Saturday, February 4, 2012

Generalized First-Price Auctions

   It was introduced by Overture (now part of Yahoo!) in 1997 for selling internet advertising. In the original Overture auction design, each advertiser submitted a bid reporting the advertiser’s willingness to pay on a per-click basis, for a particular keyword. Advertising was was sold one click at a time (PPC). However, the mechanism was unstable due to the dynamic nature of the environment.
 
Example: Suppose there are two slots on a page and three bidders. An ad in the first slot receives 200 clicks per hour, while the second slot gets 100. Bidders 1, 2, and 3 have values per click of $10, $4, and $2, respectively. Suppose bidder 2 bids $2.01, to guarantee that he gets a slot. Then bidder 1 will not want to bid more than $2.02—he does not need to pay more than that to get the top spot. But then bidder 2 will want to revise his bid to $2.03 to get the top spot, bidder 1 will in turn raise his bid to $2.04, and so on.
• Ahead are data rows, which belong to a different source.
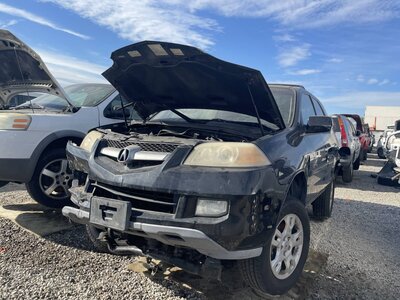 Catalog item POM062281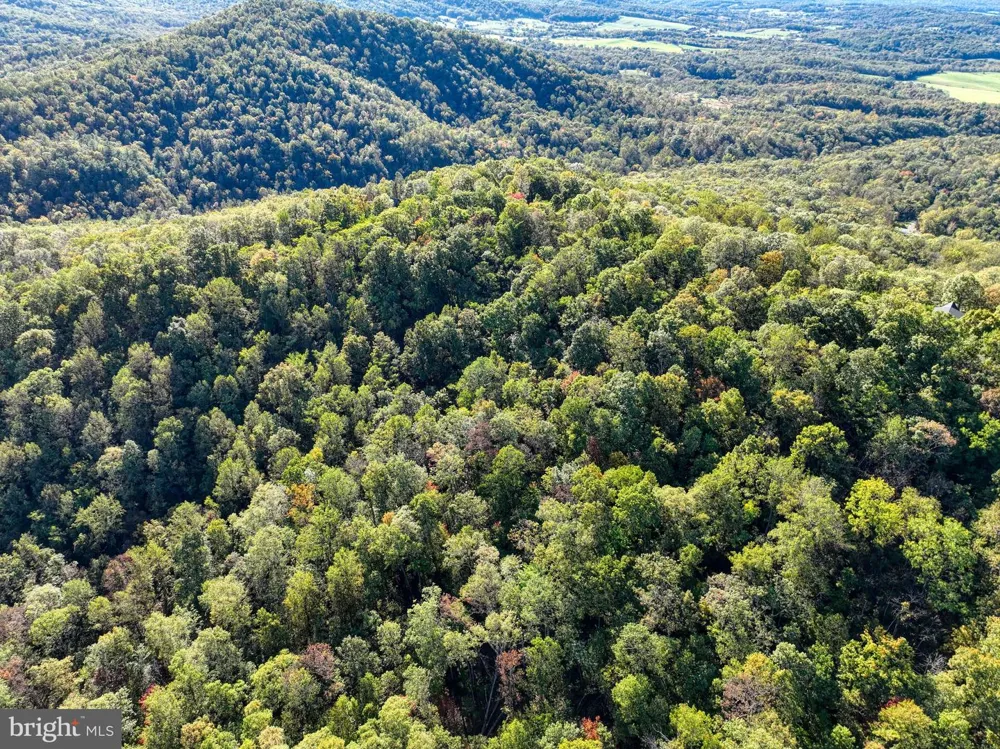 SEVEN OAKS DRIVE Bentonville, VA 22610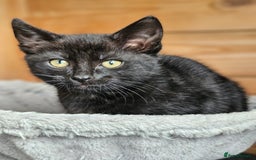 Bengal cats for sale: Adorable Half Bengal Kittens - Image 24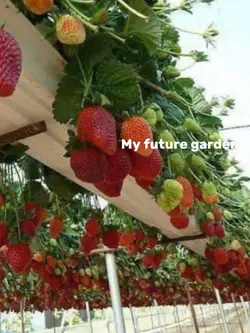 My future garden 🪏 🪴
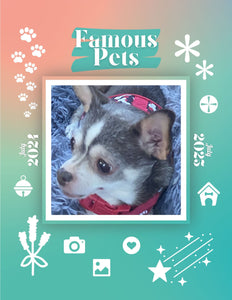Famous Pets: July 2024-July 2025 Wall Calendar (Pre-Order)
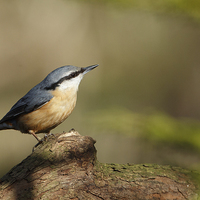 Buy canvas prints of Nuthatch on a log by Izzy Standbridge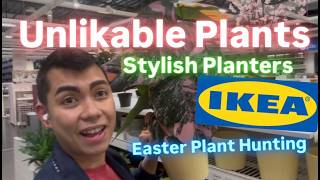 Happy Easter! Ikea Big Box Store Spring Decor Stylish Planters and Unkillable Plants Best Deals!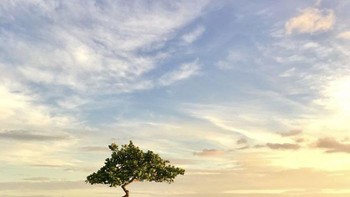 Juara ketiga foto pohon: Solitude Beauty oleh Chuyang Baideme. Foto: Ippawards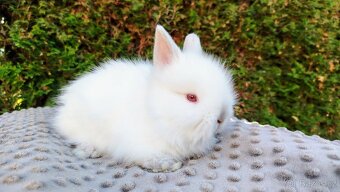 Zakrslý králík, králíček - (TEDDY) - HERBERT A HEIDY - 11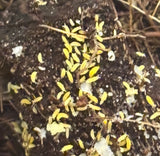 Gele springstaarten +150 stuks in bakje!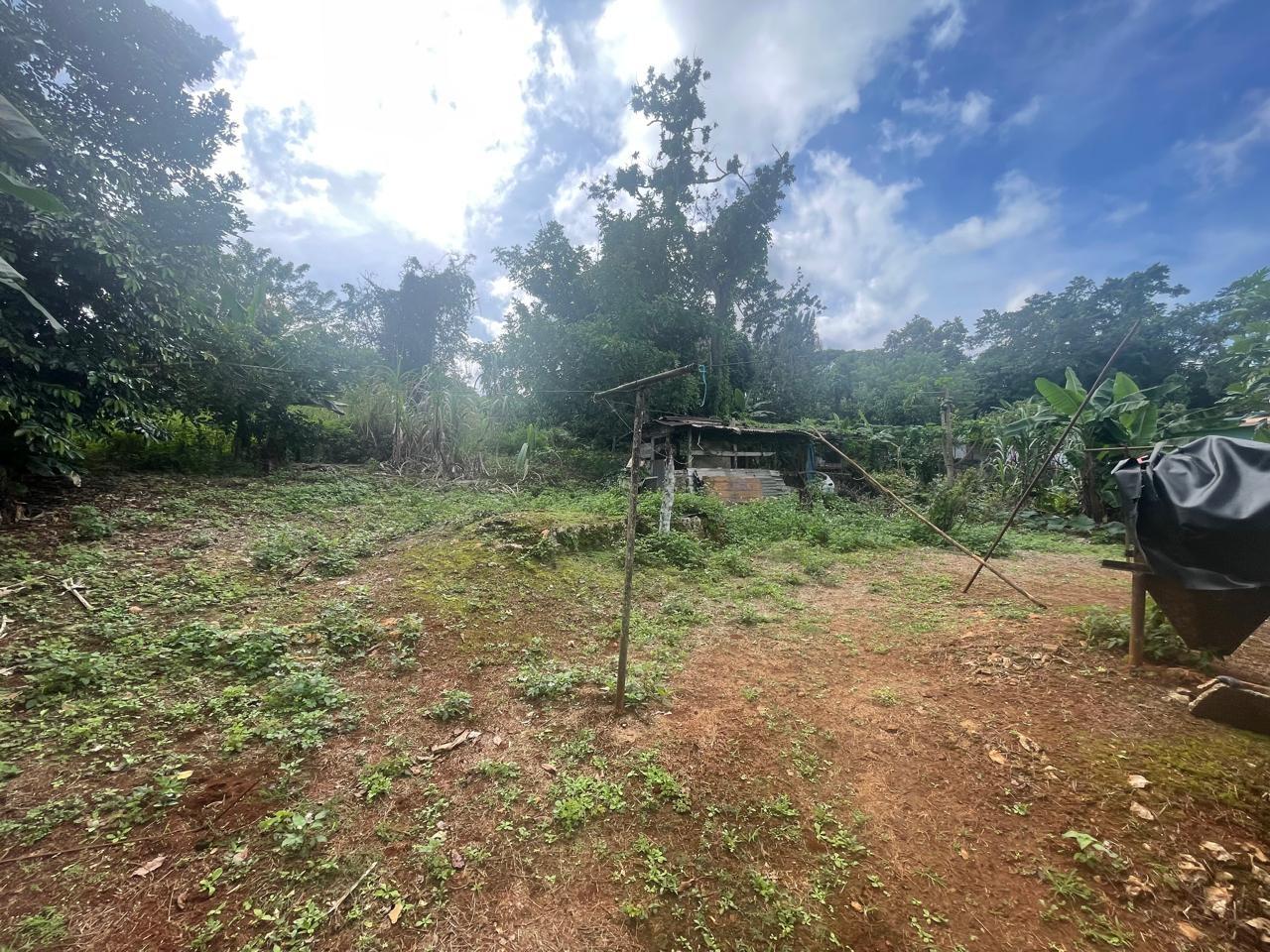 Sixteenth image of Land Part of Meldrum High in Alexandria, St. Ann, Jamaica - property is For Sale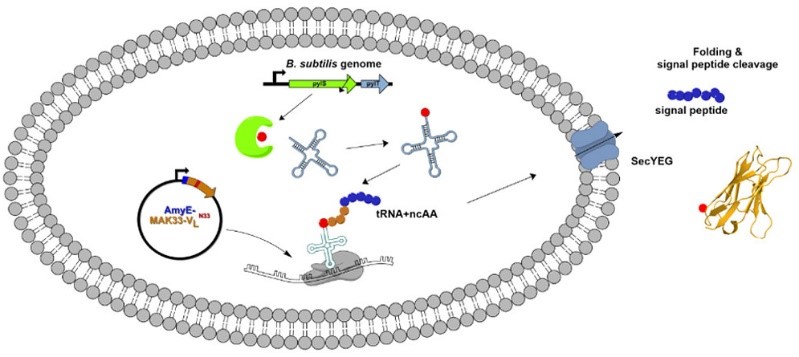 Genetic incorporation of clickable amino acids in B. subtilis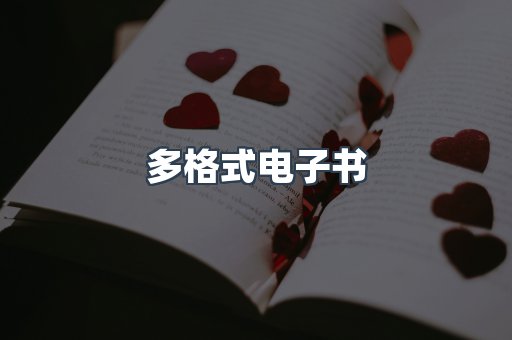 海外电子书
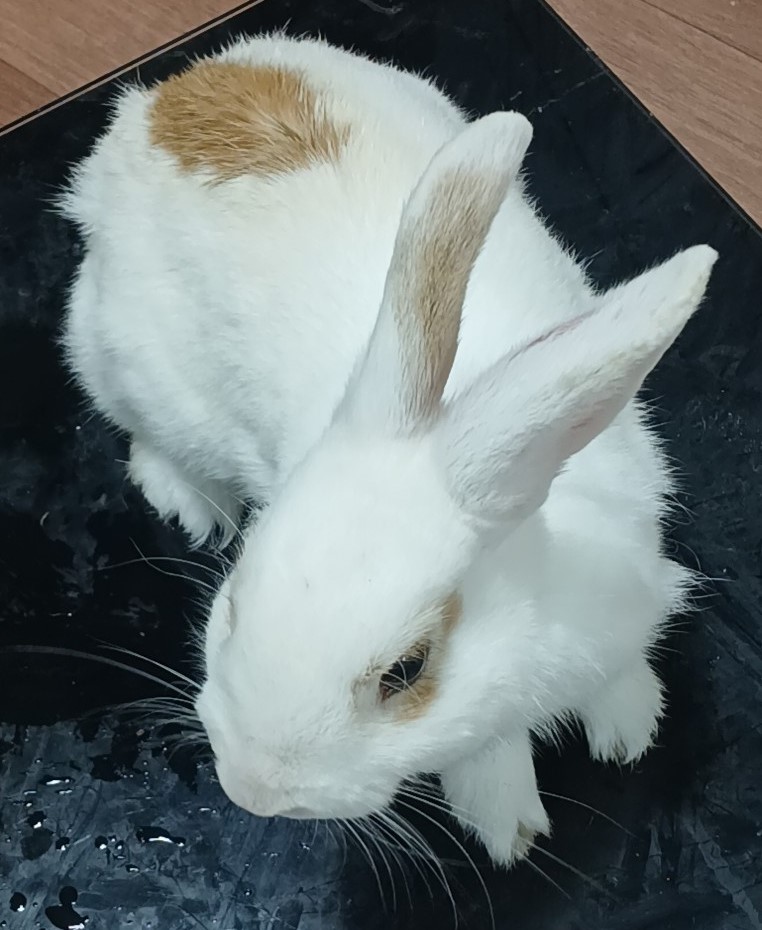 수원시 동물보호센터_441374202500136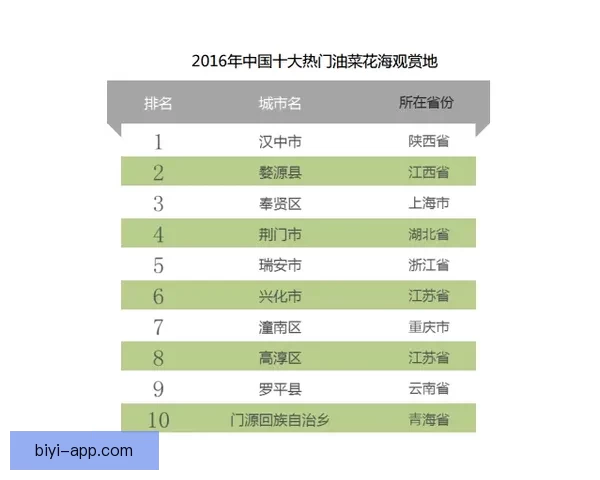世界杯竞猜盘口预测技巧与数据分析全面指南助你提高胜率稳定盈利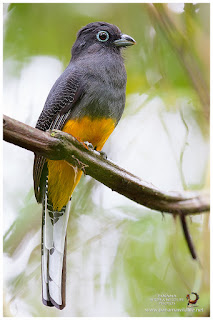 White-tailed Trogon (Trogon chionurus) - female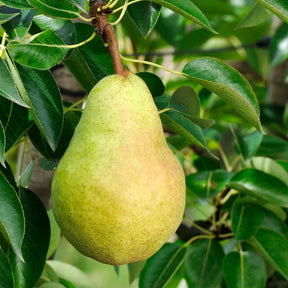 Birnenbaum 'Williams' - Pyrus communis William's ('bon chrétien') - Willemse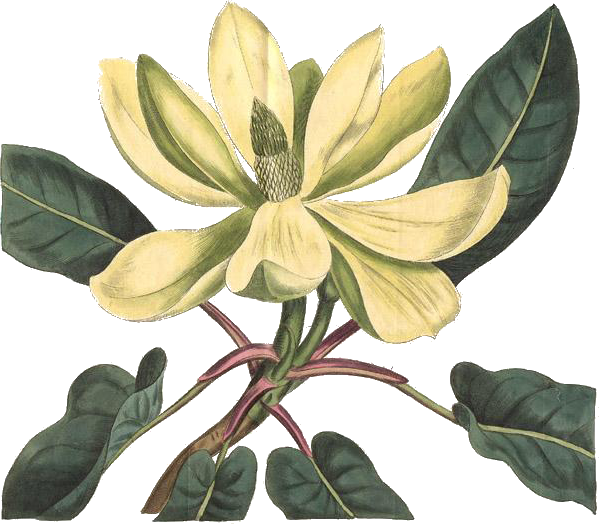 Magnolia Fraseri (599x524), Png Download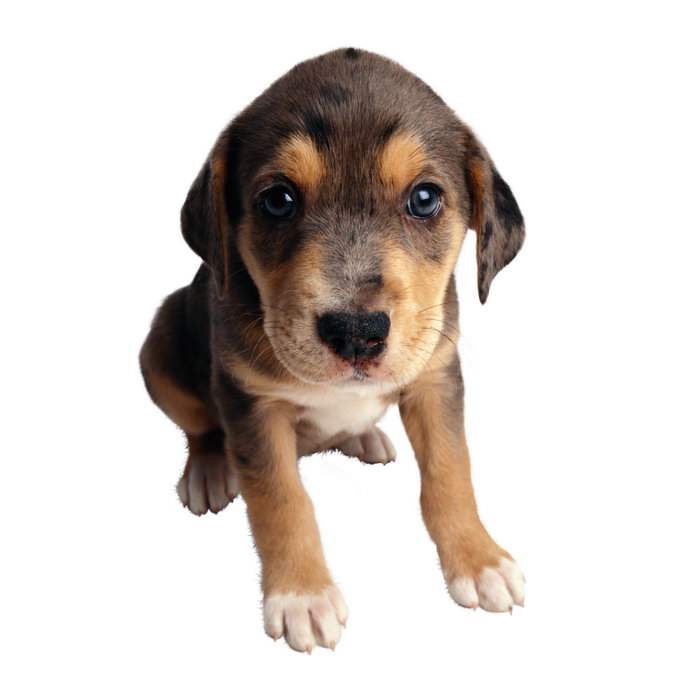 动物狗的叫声音效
Clearly, there is no pure strategy equilibrium in the one-shot version of the game, and so if bidders best respond to each other, they will want to revise their bids as often as possible.



Reference:
[1]  Benjamin Edelman, Michael Ostrovsky, and Michael Schwarz. Internet Advertising and the Generalized Second-price Auction: Selling Billions of Dollars Worth of Key- words. American Economic Review, 97(1):242–259, 2007.